Tienes que averiguar que consumo en watts tiene la secadora. Se me hace que son muchos porque debe tener una resistencia calefactora que es la que consume mas. Tendrías que reconectar la resistencia, tomando una conexión en el medio, juntar los extremos, y allí aplicar directamente los 110 V. Separar el circuito de control y a este sí alimentarlo con un transformador de 110 a 220. Pero si no conoces de electricidad te conviene que lo haga un electricista, haciéndole ver esta sugerencia. Suerte.


----------



## victorgilengineering (Jun 26, 2013)

Hola peppin,
Tendrias que mirar un par de cosas. La primera es la potencia que consume la lavadora y una vez la sepas te has de adecuar a un trafo que sea algo superior. El trafo ha de ser de 220V en el primario y de 110V en el secundario. Cuando mires la potencia de la lavadora observa a ver si hay alguna potencia de pico, que es la que ha de aguantar el transformador.
La otra cosa que has de mirar es a la frecuencia a la que trabaja la lavadora.
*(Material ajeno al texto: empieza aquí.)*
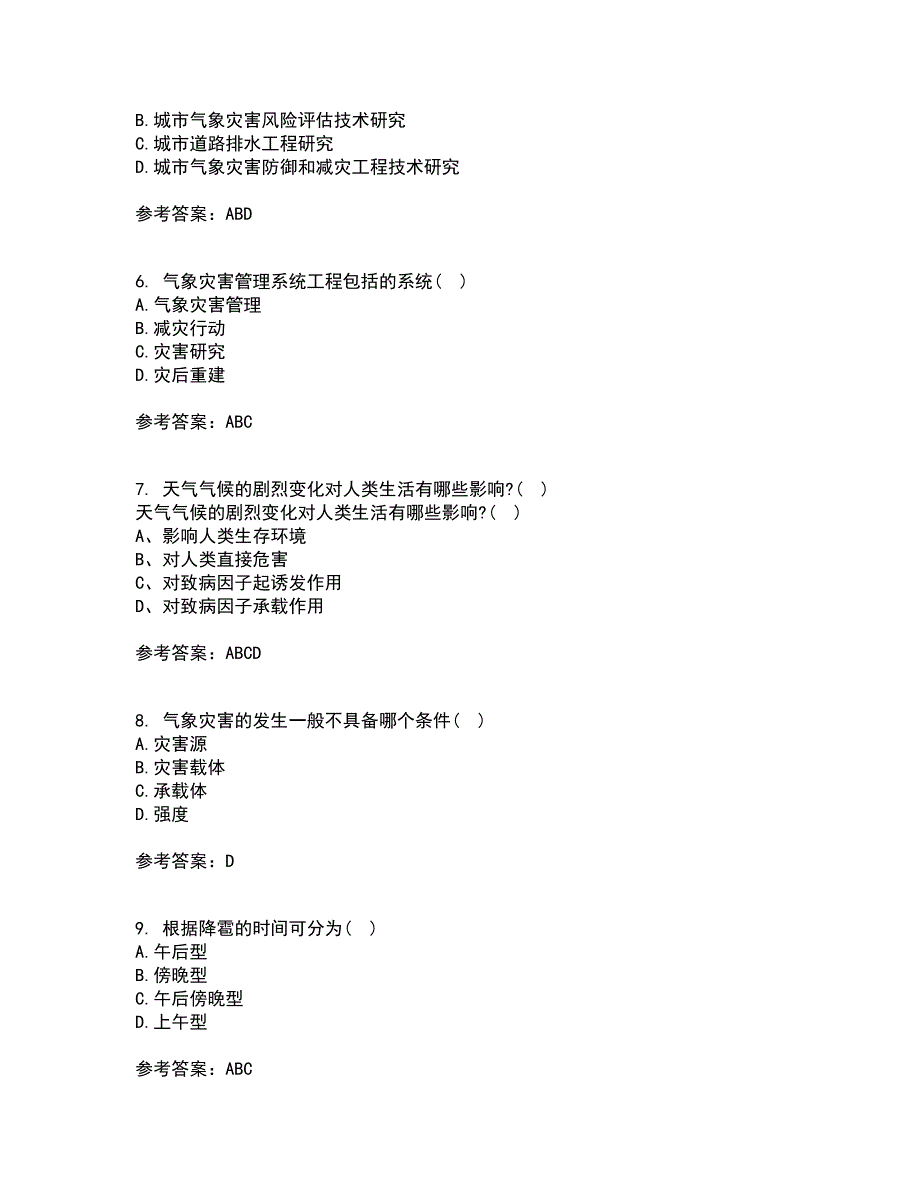 福建师范大学21春《灾害地理学》离线作业1辅导答案81_第2页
Hoy en día la mayoría de los electrodomésticos tienen un margen muy amplio de funcionamiento de 50Hz-60Hz y de 110v-230v pero si es antigua trabajará a una frecuencia en concreto.


----------



## gradoskelvin (Jul 7, 2013)

hola pepin a menor voltaje mayor hamperaje ya mayor voltaje menor amperaje


----------



## Joel79 (Jun 24, 2017)

Compañeros tengo esta lavadora general electric del año 96 y trae un conector para 220   igual lo quiero conectar a 110       pero atras trae una etiqueta queno entiendo  se pdra conectar a 110 o solo 220     subo imagen  esta en ingles


----------



## capitanp (Jun 24, 2017)

Joel79 esa es mas facil, conecta el neutro (N) al neutro y L1-L2 a la Linea


----------



## Joel79 (Jun 24, 2017)

110   y listo..   gracias


----------